→ **TRY IT**: All that is needed is the run of lines from the top of the entries to the line with "The band on Suvorov Square in 2018.", that line included, repeated exactly and free of pictures.

→ **DATA PROVIDED**:
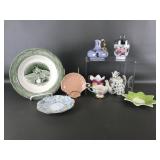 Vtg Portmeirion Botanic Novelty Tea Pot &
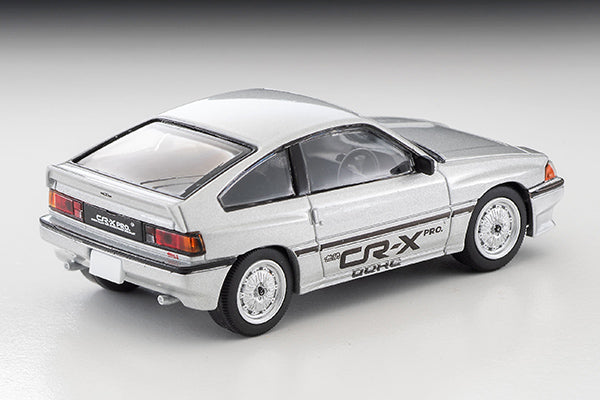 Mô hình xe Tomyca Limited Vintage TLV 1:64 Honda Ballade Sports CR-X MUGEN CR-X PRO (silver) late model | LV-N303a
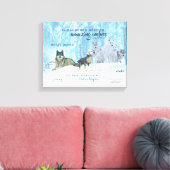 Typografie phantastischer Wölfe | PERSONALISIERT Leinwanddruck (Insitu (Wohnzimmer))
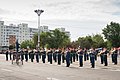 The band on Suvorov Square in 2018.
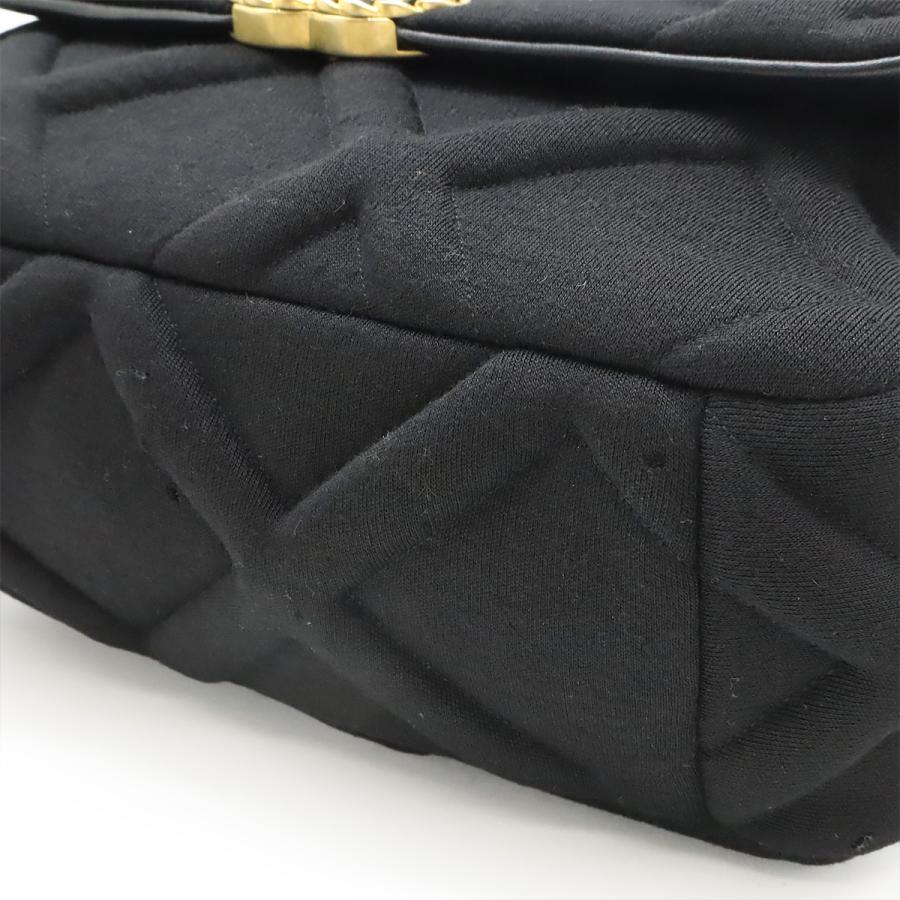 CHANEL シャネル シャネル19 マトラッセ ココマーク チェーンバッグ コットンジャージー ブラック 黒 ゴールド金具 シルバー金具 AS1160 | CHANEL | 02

→ **EXPECTED ANSWER**:
 Vtg Portmeirion Botanic Novelty Tea Pot &
 Mô hình xe Tomyca Limited Vintage TLV 1:64 Honda Ballade Sports CR-X MUGEN CR-X PRO (silver) late model | LV-N303a
 Typografie phantastischer Wölfe | PERSONALISIERT Leinwanddruck (Insitu (Wohnzimmer))
 The band on Suvorov Square in 2018.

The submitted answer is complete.